# An Anniversary Hike



## PBH (Nov 7, 2007)

19 years. Yikes! We are getting old!

My wife likes to hike, but she typically hates my kind of hikes. I'm a bushwhacker. She likes trails. I hate trails. But once a year I give in and let her choose where to go. This year she chose a place that I knew nothing about. She didn't know anything about it either. We were going in blind. I'm not sure what either of us expected, but the end result was pretty darned good. In fact, it was downright impressive. I need to try to get to this area a bit more often!

It was a bit chilly, but once we got walking it wasn't bad. Once we entered the slot, it was rather comfy.

I can just picture in my mind young natives running, yelling, and playing all day long down in this labyrinth. Amazing.

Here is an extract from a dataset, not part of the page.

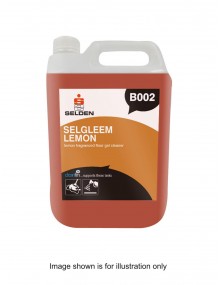 Floor Gel 5 Litre Hygiene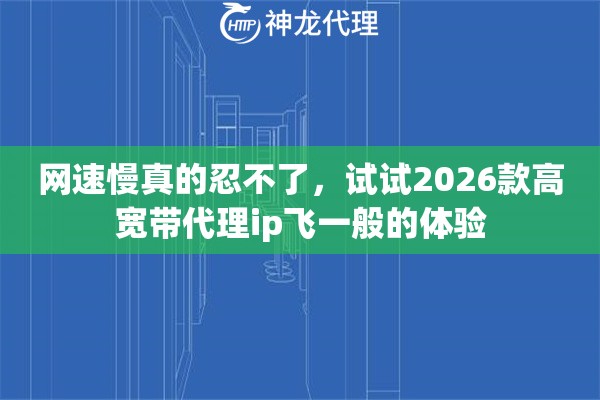 网速慢真的忍不了，试试2026款高宽带代理ip飞一般的体验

Some of you may recognize this area. Others might not. It's fairly popular -- but not on this day. We had it all to ourselves.

Enjoy some pics.

Entrance:


















In the slot:



























View from above:









Exiting the smaller slot, looking downstream at the confluence of larger slot:









Turn around and look at exit of small slot, looking up the small slot:









Checking out the grafiti:




































Confluence, looking upstream at larger slot canyon:


----------



## hunting777 (May 3, 2009)

Beautiful place, do you mind naming the trail? heading that way in a few months, We would love to stop and do some slot canyon hikes.


----------



## wyogoob (Sep 7, 2007)

Beautiful pictures, thanks for posting those.


----------



## AF CYN (Mar 19, 2009)

Happy Anniversary! Those are very cool pics.


----------